Harris starts off the meeting admitting that “people can have self-transcending experiences.” These deserve to be described in a dignified manner, rather than being trashed. Dennett concurs that we may make room for the “numinous” without God; Hitchens rouses the opposition’s battle cry. Those against belief “don’t belong to the spiritual and are not to be conscripted or annexed by any priesthood.” This spirited riposte, given the vagaries of learned musings here, drifts. Pages fill with segues into the arcane, an occupational hazard of the four.
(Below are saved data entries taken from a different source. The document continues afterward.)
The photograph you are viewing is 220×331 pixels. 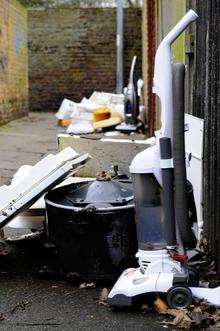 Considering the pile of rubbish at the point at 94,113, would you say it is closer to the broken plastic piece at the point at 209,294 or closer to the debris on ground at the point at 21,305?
the debris on ground at the point at 21,305

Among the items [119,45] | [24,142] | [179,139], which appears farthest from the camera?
[119,45]

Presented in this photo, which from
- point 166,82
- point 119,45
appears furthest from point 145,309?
point 119,45

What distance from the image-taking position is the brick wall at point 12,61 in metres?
17.2

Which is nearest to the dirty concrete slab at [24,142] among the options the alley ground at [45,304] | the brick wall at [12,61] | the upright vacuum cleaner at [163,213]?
the brick wall at [12,61]

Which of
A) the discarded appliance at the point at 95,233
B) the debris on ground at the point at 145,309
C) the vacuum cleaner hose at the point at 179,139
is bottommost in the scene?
the debris on ground at the point at 145,309

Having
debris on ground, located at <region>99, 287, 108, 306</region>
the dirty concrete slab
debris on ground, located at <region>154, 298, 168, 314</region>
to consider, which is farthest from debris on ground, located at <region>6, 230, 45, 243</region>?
the dirty concrete slab

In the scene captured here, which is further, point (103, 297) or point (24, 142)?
point (24, 142)

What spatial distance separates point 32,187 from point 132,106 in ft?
28.5

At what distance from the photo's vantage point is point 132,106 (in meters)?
13.1

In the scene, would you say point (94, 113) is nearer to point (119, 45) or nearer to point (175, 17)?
point (175, 17)

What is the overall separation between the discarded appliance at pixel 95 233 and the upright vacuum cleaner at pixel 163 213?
0.42 metres

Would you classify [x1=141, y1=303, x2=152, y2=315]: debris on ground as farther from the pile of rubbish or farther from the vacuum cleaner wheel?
the pile of rubbish

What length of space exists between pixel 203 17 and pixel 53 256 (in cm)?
221

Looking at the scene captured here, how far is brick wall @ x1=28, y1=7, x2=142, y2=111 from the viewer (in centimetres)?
2419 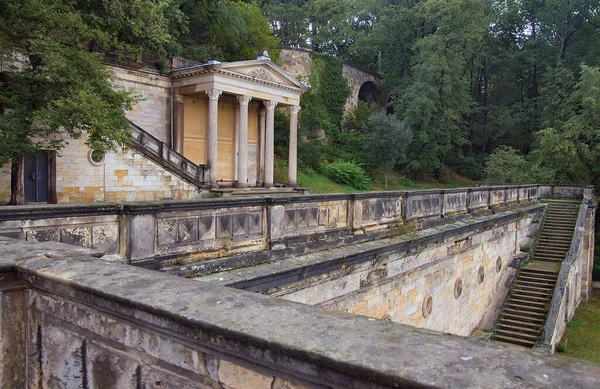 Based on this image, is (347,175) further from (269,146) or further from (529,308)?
(529,308)

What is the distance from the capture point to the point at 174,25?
20.4 m

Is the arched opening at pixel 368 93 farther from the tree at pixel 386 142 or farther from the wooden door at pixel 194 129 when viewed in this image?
the wooden door at pixel 194 129

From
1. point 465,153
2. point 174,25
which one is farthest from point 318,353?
point 465,153

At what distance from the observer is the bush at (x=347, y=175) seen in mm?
31500

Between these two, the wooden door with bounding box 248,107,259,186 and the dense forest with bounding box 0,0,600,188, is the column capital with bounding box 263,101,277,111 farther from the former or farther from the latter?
the dense forest with bounding box 0,0,600,188

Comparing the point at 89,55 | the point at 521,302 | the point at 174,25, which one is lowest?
the point at 521,302

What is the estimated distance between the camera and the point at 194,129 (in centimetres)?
2064

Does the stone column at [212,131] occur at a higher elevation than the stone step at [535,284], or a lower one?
higher

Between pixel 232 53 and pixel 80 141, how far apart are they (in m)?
17.0

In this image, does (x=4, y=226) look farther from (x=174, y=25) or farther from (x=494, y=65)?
(x=494, y=65)

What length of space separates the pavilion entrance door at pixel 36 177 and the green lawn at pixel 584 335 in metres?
17.7

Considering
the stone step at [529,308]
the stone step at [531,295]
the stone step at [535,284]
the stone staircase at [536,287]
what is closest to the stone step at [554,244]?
the stone staircase at [536,287]

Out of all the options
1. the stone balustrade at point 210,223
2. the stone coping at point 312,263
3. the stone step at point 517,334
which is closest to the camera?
the stone balustrade at point 210,223

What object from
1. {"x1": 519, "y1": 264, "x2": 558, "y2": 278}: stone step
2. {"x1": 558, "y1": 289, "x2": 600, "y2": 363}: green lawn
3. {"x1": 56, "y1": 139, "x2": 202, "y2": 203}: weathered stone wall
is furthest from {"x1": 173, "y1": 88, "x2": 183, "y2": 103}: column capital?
{"x1": 558, "y1": 289, "x2": 600, "y2": 363}: green lawn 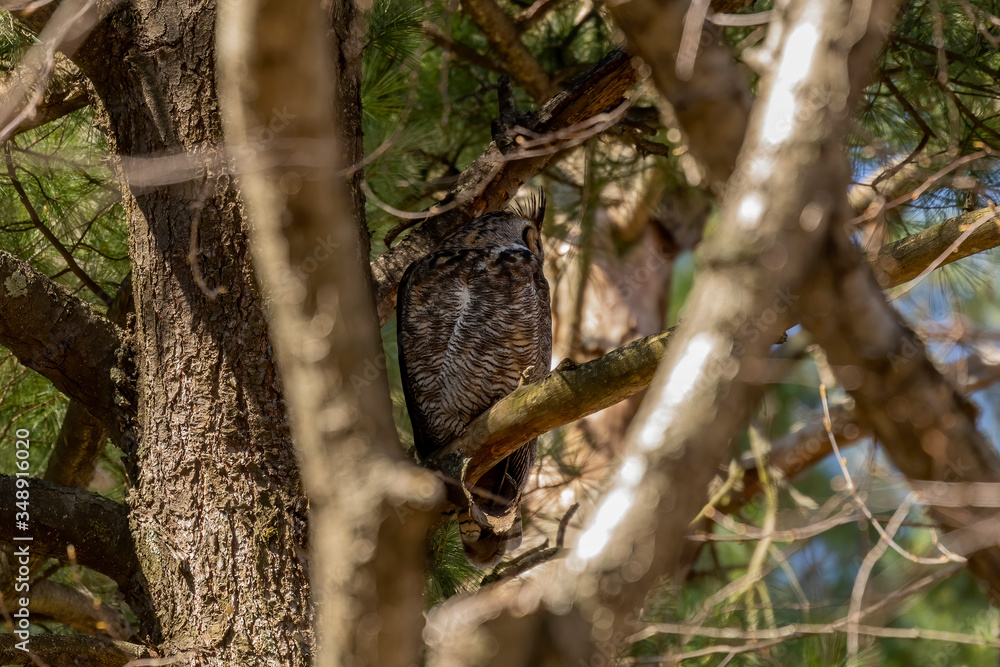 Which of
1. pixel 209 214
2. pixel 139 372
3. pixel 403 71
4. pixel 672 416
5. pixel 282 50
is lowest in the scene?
pixel 672 416

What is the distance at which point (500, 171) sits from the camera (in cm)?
214

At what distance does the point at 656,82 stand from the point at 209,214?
3.56 ft

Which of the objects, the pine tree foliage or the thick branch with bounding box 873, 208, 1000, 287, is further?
the pine tree foliage

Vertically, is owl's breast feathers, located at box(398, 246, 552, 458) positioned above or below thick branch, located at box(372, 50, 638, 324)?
below

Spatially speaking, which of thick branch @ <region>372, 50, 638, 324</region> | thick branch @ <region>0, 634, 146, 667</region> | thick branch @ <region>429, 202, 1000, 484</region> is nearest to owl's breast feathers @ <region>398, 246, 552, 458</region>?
thick branch @ <region>372, 50, 638, 324</region>

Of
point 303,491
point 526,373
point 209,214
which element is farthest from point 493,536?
point 209,214

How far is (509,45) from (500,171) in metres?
0.77

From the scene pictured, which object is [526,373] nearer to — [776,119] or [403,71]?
[403,71]

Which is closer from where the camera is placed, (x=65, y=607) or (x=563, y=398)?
(x=563, y=398)

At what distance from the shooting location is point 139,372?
5.71 ft

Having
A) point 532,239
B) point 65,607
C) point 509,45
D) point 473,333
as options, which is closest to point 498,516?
point 473,333

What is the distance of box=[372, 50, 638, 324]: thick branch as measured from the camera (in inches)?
76.6

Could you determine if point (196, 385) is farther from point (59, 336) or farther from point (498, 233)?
point (498, 233)

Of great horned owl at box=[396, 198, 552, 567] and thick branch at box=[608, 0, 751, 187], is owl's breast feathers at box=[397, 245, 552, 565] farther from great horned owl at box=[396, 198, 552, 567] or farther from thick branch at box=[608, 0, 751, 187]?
thick branch at box=[608, 0, 751, 187] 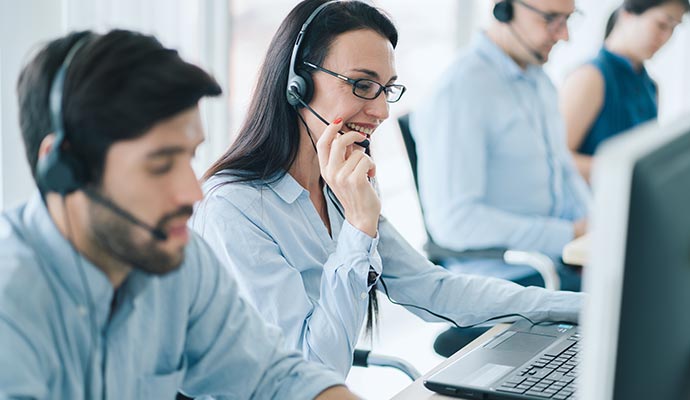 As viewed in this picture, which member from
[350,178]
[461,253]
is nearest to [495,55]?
[461,253]

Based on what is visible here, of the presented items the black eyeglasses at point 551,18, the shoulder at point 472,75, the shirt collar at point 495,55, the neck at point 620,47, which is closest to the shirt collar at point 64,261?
the shoulder at point 472,75

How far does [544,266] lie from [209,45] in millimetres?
1167

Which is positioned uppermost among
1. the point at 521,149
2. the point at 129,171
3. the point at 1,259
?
the point at 129,171

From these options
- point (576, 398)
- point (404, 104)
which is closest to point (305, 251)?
point (576, 398)

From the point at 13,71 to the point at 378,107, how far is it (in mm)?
849

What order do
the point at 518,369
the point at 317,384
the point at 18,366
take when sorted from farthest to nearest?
the point at 518,369, the point at 317,384, the point at 18,366

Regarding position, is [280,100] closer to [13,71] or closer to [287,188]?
[287,188]

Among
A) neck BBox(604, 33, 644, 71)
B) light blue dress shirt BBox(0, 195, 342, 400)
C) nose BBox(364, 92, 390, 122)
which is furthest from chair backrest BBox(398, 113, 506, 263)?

Theologians get propped up as straw men, while the horsemen aim at their enemy’s weakness: Are these doctors of divinity the real literal readers of scripture, rather than the derided fundamentalists? This quartet of professorially trained pundits insists that they do not “blow up their fellow citizens on the London Underground.” They test and verify and seek proof while allowing for a process that includes “a tremendous amount of uncertainty,” at least until a unified theory of everything and a concrete explanation for consciousness are discovered. Hitchens’ acceptance of examining hard evidence among those trained in analysis more than exegesis elevates this panel, along with the scientific cadre, over believers “who claim to know more than they can possibly know.”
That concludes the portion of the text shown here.